Sunday, May 03, 2009

Robert Samuelson retreads, repeats past mistakes on climate

Robert Samuelson got far more credit from me than he deserved until I realized he wasn't respected economist Paul Samuelson. Brad DeLong accurately describes Roger as "one of those who knows enough about economic analysis to use it as a tool but who instead uses it as a club."

Anyway, Robert has once again announced that it's too hard to do much about climate change, citing an Energy Information Administration study forecasting increased US emissions in 2030 compared to 2007.

I'll outsource much of this to Paul Krugman who notes that skeptics believe capitalism can manage any resource constraint except ones on GHG emissions, but also add these notes:

  • RS fails to link directly to the study, but rather to the EIA main website. The study is here and reading the first paragraph may indicate why he omitted the link: the forecast increase is based on doing nothing additional to control emissions beyond what's already planned, either legislatively or under Clean Air Act authority. Even so, just the relatively minor changes in policies in 2007 and 2008 decreased the rate of increase from 0.8% annually in 1980-2007 to 0.3% annually for 2007-2030. Of course Samuelson doesn't note this.

  • Two years ago, Samuelson wrote a very similar article saying future conservation won't work. At that time, he picked a study assuming only a 30% gain in vehicle fuel economy by 2030, and came up with 31% increase in carbon emissions.

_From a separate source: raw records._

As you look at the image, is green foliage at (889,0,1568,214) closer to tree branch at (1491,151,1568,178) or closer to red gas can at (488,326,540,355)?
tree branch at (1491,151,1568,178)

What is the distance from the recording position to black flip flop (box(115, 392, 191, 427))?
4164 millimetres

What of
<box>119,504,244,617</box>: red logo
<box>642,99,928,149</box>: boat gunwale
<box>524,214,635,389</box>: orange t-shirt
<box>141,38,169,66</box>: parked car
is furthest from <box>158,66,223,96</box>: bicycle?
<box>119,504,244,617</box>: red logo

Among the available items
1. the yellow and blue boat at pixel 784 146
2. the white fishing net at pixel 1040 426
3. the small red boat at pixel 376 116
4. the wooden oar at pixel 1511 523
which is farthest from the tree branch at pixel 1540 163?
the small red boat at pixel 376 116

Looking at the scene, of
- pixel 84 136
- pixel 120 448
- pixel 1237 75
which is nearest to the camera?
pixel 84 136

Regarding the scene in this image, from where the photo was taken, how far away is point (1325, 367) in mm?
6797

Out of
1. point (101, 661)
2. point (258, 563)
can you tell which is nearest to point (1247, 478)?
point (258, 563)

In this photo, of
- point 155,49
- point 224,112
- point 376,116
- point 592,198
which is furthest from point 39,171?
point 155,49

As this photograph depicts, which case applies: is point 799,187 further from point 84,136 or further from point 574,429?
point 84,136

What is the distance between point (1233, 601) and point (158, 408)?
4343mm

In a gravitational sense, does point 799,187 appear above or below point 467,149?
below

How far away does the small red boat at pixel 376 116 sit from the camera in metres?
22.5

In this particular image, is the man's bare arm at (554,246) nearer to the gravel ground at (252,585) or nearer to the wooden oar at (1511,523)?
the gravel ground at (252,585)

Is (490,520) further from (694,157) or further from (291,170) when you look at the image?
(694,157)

Now his current article says 50% gain in fuel efficiency, and 7% increase in emissions.* What he thought difficult to do just two years ago is already way behind what's anticipated. I think the same will hold true with his do-little position he now forecasts.


*Not totally clear from his articles whether in 2007 he's talking about global or US emissions, but the change in anticipated fuel efficiency is unambiguous.

UPDATE: per the comments, I corrected my screwup on the name from "Roger" to "Robert".